# 2004 GTO Instrument Cluster Lens



## chucksgto (Dec 3, 2008)

Edited: I've been told I may have to remove the whole instrument cluster to replace the lens, please advise.

I have a 2004 GTO with a badly scratched instrument cluster lens and a new one on order. The cluster is still in the car, do you remove the two upper screws in the trim panel and then pop the panel out towards you for access to the lens. I would guess there are plastic snaps on both sides of the trim panel that hold the sides in place. I'm just taking a guess here, bare with me, then you have access to the lens? Does the lens snap out and new one in? Your advise is greatly appreciated. Chuck, San Antonio, Texas


----------



## GM4life (Mar 18, 2007)

*Instrament Panel Cluster Removal*








Release the steering column adjustment lever, move the column to its lowers position and lock into place with the adjustment lever. 
Remove the two screws (3) attaching the instrument cluster trim panel (2) to the instrument panel. 
Tilt the top of the cluster trim panel (2) away from the instrument panel and disengage the retaining clips (1) on each side. 
Unhook each retaining lug (4) from the instrument panel. 
Disconnect the wiring connector from the fuel filler door release switch. 
Remove the cluster trim panel (2) from the instrument panel. 
Remove the fuel filler door release switch, if necessary. Refer to Fuel Filler Door Release Switch Replacement in Body Rear End. 


.









Remove the instrument cluster trim panel. Refer to Trim Panel Replacement - Instrument Panel (I/P) Cluster . 
Remove the 4 screws (1) attaching the instrument cluster (2) to the instrument panel. 
Pull the top of the cluster from its cavity. 
Using a flat-bladed tool, open the wiring connector locking tab (3) on the back of the cluster (2). 
Remove the instrument cluster (2) from the vehicle.

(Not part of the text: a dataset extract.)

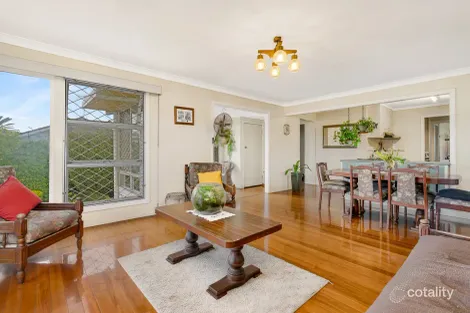 Property photo of 6 Bamber Street Chermside West QLD 4032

Then the lens you just release 9 plastic clear tabs


----------



## chucksgto (Dec 3, 2008)

When you state: Refer to Fuel Filler Door Release Switch Replacement in Body Rear End and Refer to Trim Panel Replacement - Instrument Panel (I/P) Cluster. Where exactly is this information, sorry if it seems like silly question, but I'm nearing Sixty, and silly questions seem to come a lot easier now. Again thanks, Chuck

Thank You gm4life! Excellent info and illustrations!! Will make this job a lot easier!!! Chuck


----------



## GM4life (Mar 18, 2007)

chucksgto said:


> When you state: Refer to Fuel Filler Door Release Switch Replacement in Body Rear End and Refer to Trim Panel Replacement - Instrument Panel (I/P) Cluster. Where exactly is this information, sorry if it seems like silly question, but I'm nearing Sixty, and silly questions seem to come a lot easier now. Again thanks, Chuck
> 
> Thank You gm4life! Excellent info and illustrations!! Will make this job a lot easier!!! Chuck


Your welcome. I got this info from my service manual.


----------



## ItalianGoat (Jan 11, 2009)

hey just curious, where did you order the lens from (if you have a part number that would be great) and if you dont mind saying how much did it run you?


----------



## ItalianGoat (Jan 11, 2009)

well i would bump but it dosnt seem like that would help being there arnt to many people on this site it seems!


----------



## chucksgto (Dec 3, 2008)

*Site for 04-06 GTO Instrument Cluster Lens*

ItalianGoat, here is the site for the lens, hope it helps.


Welcome to White Auto and Media Services


----------



## REX (Jan 21, 2009)

Thanks for the link Chuck! I just pulled mine apart two days ago hoping it was just dirt on the inside or something. I just bought mine and it seems the previous owner put somthing on the lens that caused the plastic to fog up and severly scratched it. I figured I was stuck with it because I didn't figure there would be an aftermarket part for it. Looks like it's only $40 for a new one! Thanks again!!


----------



## TR GTO (Mar 17, 2007)

I was going to replace mine, but for you guys with light scratches on the lens, the scratches can be removed using light pressure and Mother's Scratch Remover.


----------



## chucksgto (Dec 3, 2008)

Rex, this is what these forums are all about, helping out one another! Take care, Chuck


----------